The legislation, brought in response to the back-to-back suicides of two young men at a Hanover County shooting range, was sent back to a Senate committee by a 21-18 vote, effectively killing it for the year.
The proposal would have required state-level background checks for gun rentals starting in 2023. Several senators said they supported the intent of the bill, but doubted it could be effective because the state currently doesn’t have the infrastructure needed to perform the checks. Instead, they said, a provision in the state budget will direct the Virginia State Police to craft an alternative solution.
Sen. Siobhan Dunnavant, R-Henrico, who made the motion to re-refer the bill to committee, said one of the suicide victims’ families lives in her district, so she is “very empathetic to finding a path forward.”
“It feels good to pass a bill that’s addressing an issue we’re concerned about,” Dunnavant said. “But it doesn’t matter if it doesn’t get the job done.”
Sen. Creigh Deeds, D-Bath, who sponsored the legislation, urged his colleagues to stick with the bill.
“I would argue that the bill, the way it’s drafted, will be effective,” Deeds said. “It can’t bring any of these young people back… but hopefully it can prevent some tragedies.”
Three Democrats — Sens. Jennifer Boysko, D-Fairfax, Lynwood Lewis, D-Accomack, and Ghazala Hashmi, D-Chesterfield, voted with the Senate’s 18 Republicans to defeat the measure.

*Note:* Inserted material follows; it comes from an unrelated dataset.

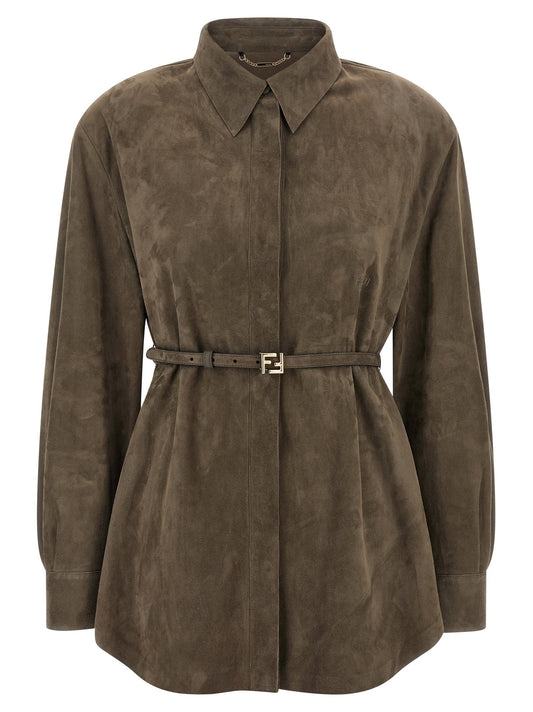 Fendi Suede Shirt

Deeds acknowledged his proposal would require some “rejiggering” by the State Police, because federal law doesn’t require background checks for gun rentals. Because of that limitation, the state would essentially have to create its own background check process for gun rentals, one that would pull in state-level information on criminal convictions and mental health history.
Without getting into specifics of recent shooting range suicides, Dunnavant said she was doubtful the system envisioned by Deeds’ bill would have made a difference in many of those cases. Both men had been committed to mental institutions previously and their parents told NBC12 they would not have passed a background check. After speaking to the mother of one of the Richmond-area suicide victims, Dunnavant said, she agrees “there is a problem here that we do need to solve.”

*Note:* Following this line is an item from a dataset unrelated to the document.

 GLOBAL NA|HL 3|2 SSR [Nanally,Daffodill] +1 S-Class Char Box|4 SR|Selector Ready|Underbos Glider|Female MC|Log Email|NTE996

“They were heartbroken that despite all of the precautions they had taken, the system didn’t work for them,” Dunnavant said. “I earnestly want to find a way to make this work. This bill, however, does not accomplish our goal.”
Sen. Chap Petersen, D-Fairfax, who voted for the bill, said policymakers have to ensure the bureaucracy exists to support tighter gun laws passed by Democratic majorities. He said he recently tried to purchase a shotgun from a neighbor but had trouble getting a background check under the state’s new law requiring checks for private gun sales.
“We need to bring the State Police along with us,” he said. “Because we’re creating a lot of record-keeping requirements. And I don’t know if the infrastructure is there right now.”